To use distinct, you first need to set design as attributeForDistinct during indexing time. Only then can you set distinct to true to deduplicate your results. Note that setting distinct at indexing time is optional. If you want to, you can set it at query time instead.

At query time

Once attributeForDistinct is set, you can enable distinct by setting it to true.

You can set distinct to true or 1 interchangeably.

Using the dashboard

You can also set your attribute for distinct and enable distinct in your Algolia dashboard.

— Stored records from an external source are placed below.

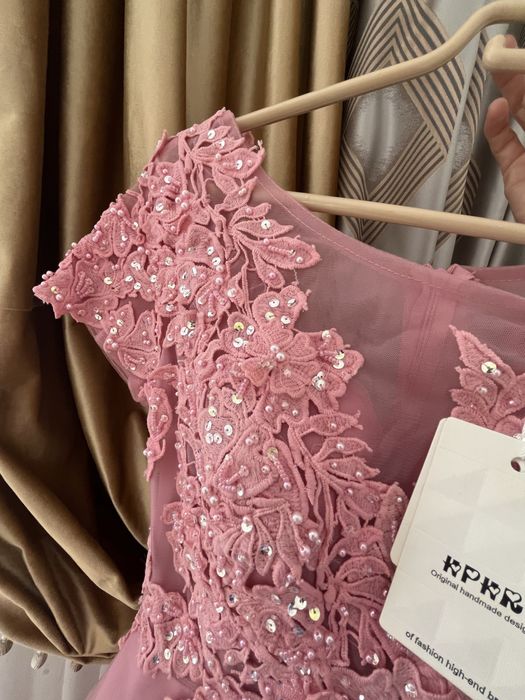 Вечернее шикарное платье новый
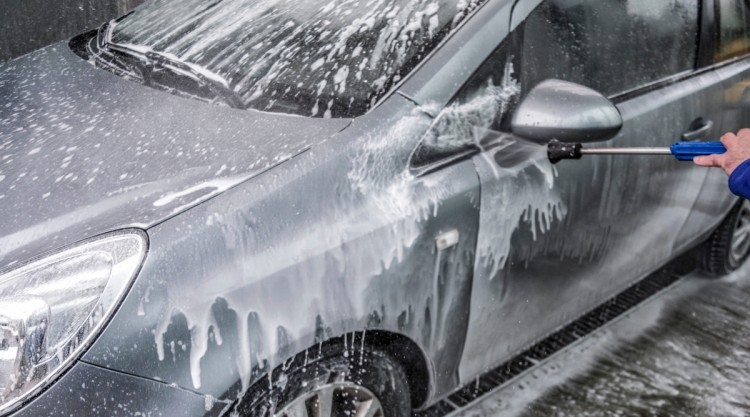Car Washing With Foam Cannon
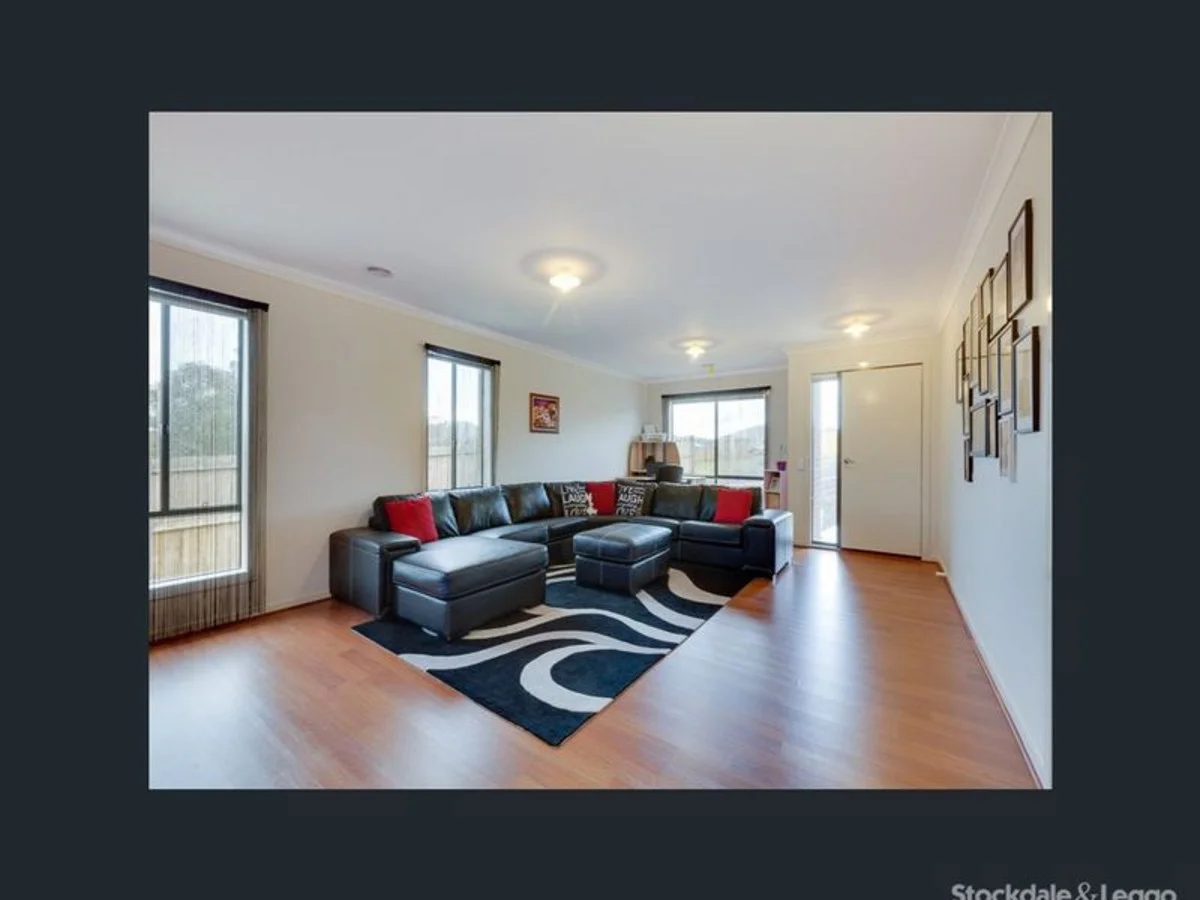 7 Quamby Mews, Bacchus Marsh VIC 3340 photo 2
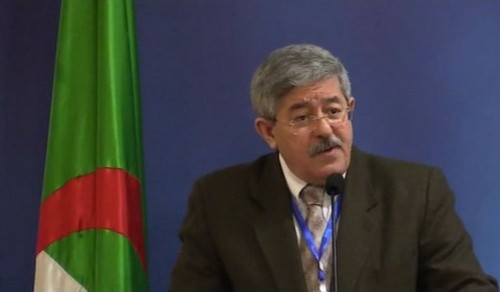 Ouyahia : L'Algérie cible de complots et manœuvres internes dirigés depuis l'étranger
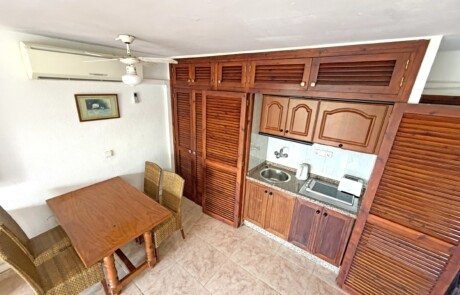 APRYPRTX 37 Kitchenette Dining Corner - LeibTour: TOP aparthotels in Ibiza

  1. Go to your dashboard, then go to the Search product and select your index.
  2. Click on the Configuration tab.
  3. In the Searchable Attributes section, click the “Add a searchable attribute” button.
  4. Select the design, type, and color attributes in the drop-down menu one after another.
  5. Click the Deduplication and Grouping tab, which you can find under Search behavior.
  6. Set the Distinct option to true.
  7. Set the Attribute for Distinct option to design.
  8. Save your changes.

When distinct is true, you get one color for each design. To control which one, you can set a new attribute with business metrics, for example, number_of_sales, and set it up for custom ranking.

Additionally, you can display all available colors for each item thanks to the color_variants attribute. This way, users can access all possible variants from the search results without the page being crowded with too many items.